06/11/09




Por: Ondina Margo

Politicamente Correcto

Nos dias que correm, à falta de argumentos mais substantivos, é frequente ser-se acusado de: “politicamente correcto”. Quer com isso o acusador afirmar que o acusado, ironia das ironias, recorre a argumentos sem substância. Por outras palavras, quando se declara que alguém é politicamente correcto, porque, por exemplo, defende o casamento entre pessoas do mesmo sexo, está a dizer-se que os argumentos ou ideias que defende valem apenas pelo facto de aderirem, sem reflexão, aos estereótipos dominantes. Sendo que, estes estereótipos, são normalmente ideias vazias e sem sentido.

Antes de começar esta crónica tinha uma ideia acerca da origem e história da expressão “politicamente correcto” que, à medida que li algumas coisas, acabou por ser questionada. Pensava eu, ignorância das ignorâncias, que surgira nos anos noventa do século passado para se referir às tentativas americanas de normalização da linguagem, que acabaram em excessos ridículos. Na prática, verifiquei que está associada a esforços de controlo de linguagem, desde que, na primeira guerra mundial, o ministro de informação, de então, tentou certificar-se que se dizia apenas o que, e nos termos que, interessavam ao estado Britânico. Para não alongar muito esta crónica, refiro apenas outro dos usos, posteriores, da expressão. Ela está também associada ao regime soviético e depois chinês, de Mao Tse Tung, que queriam, mais uma vez, garantir uma ortodoxia de pensamento, logo de expressão, e por isso decidiam o quê, e como, devia ser dito.

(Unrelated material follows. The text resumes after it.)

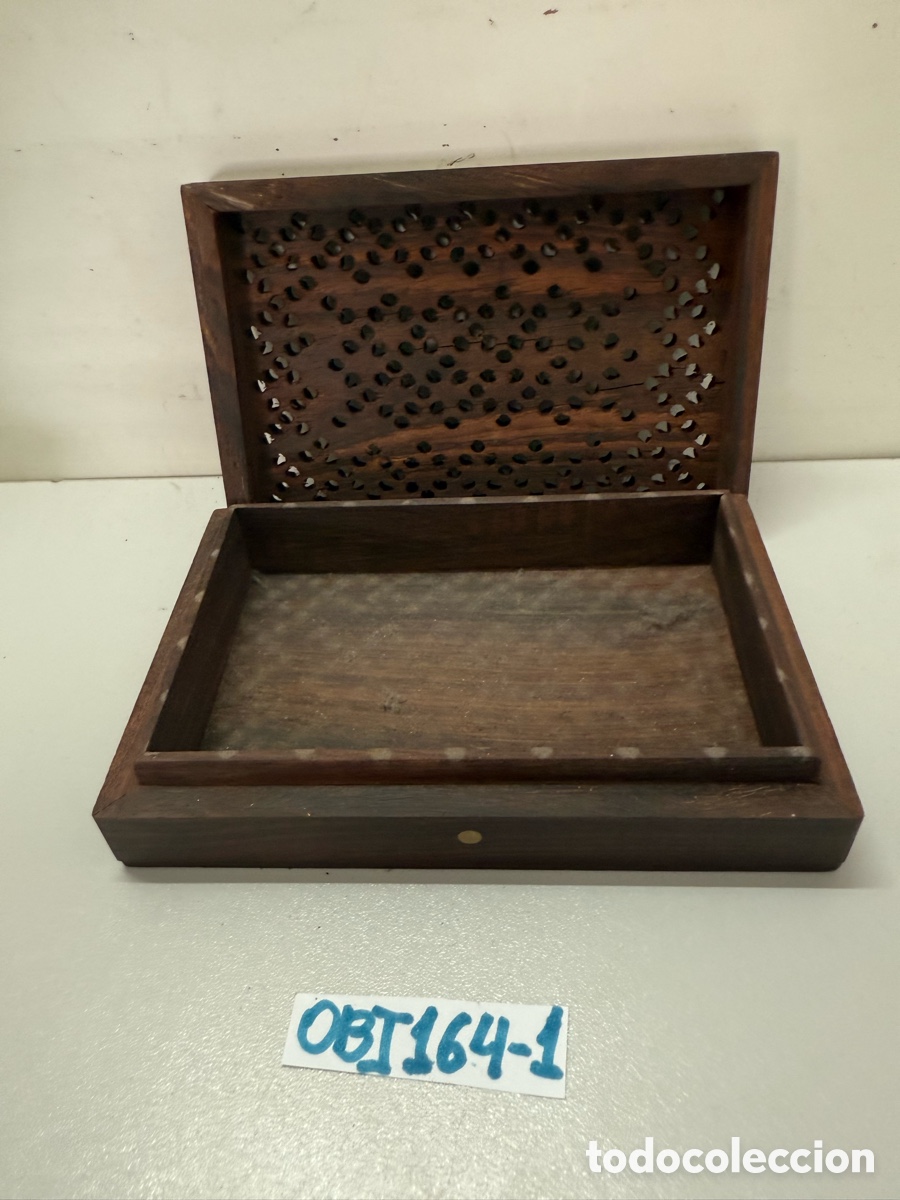 Antig&uuml;edades: Caja de madera y lat&oacute;n tallada - Foto 2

Com esta, espero que não muito fastidiosa, digressão histórica, quis tentar pôr em perspectiva uma locução, que passou a ser usada com muita frequência e pouca reflexão. Quando alguém defende o direito ao casamento entre pessoas do mesmo sexo, levantam-se logo vozes em uníssono, afirmando a correcção política desta ideia, como se, por isso, fosse vazia e, portanto, não merecesse discussão. Assim, quando discordo dos argumentos de alguém, ou das ideias que defende, carimbo-as de “politicamente correctas” para não ter que as debater. E há uma palavra que define essa acção: censura. Ou seja, a expressão “politicamente correcto” é usada ainda hoje com o significado com que surgiu, como forma de censurar as palavras, logo as ideias, de alguém.

Ora, as ideias devem ser medidas por elas mesmas, depois de discutidas e analisadas, e não podem estar à mercê de rótulos, que censuram ou branqueiam a realidade. Por isso, ser homofóbico ou intolerante, não é ser politicamente incorrecto, é ser homofóbico e intolerante. E, defender a liberdade e o respeito pela diferença, não é ser politicamente correcto, é defender a liberdade e o respeito pela diferença. É que, entre tantos rótulos, às vezes tendemos a esquecê-lo. Se calhar, para que eu própria não o esquecesse, escrevi esta crónica.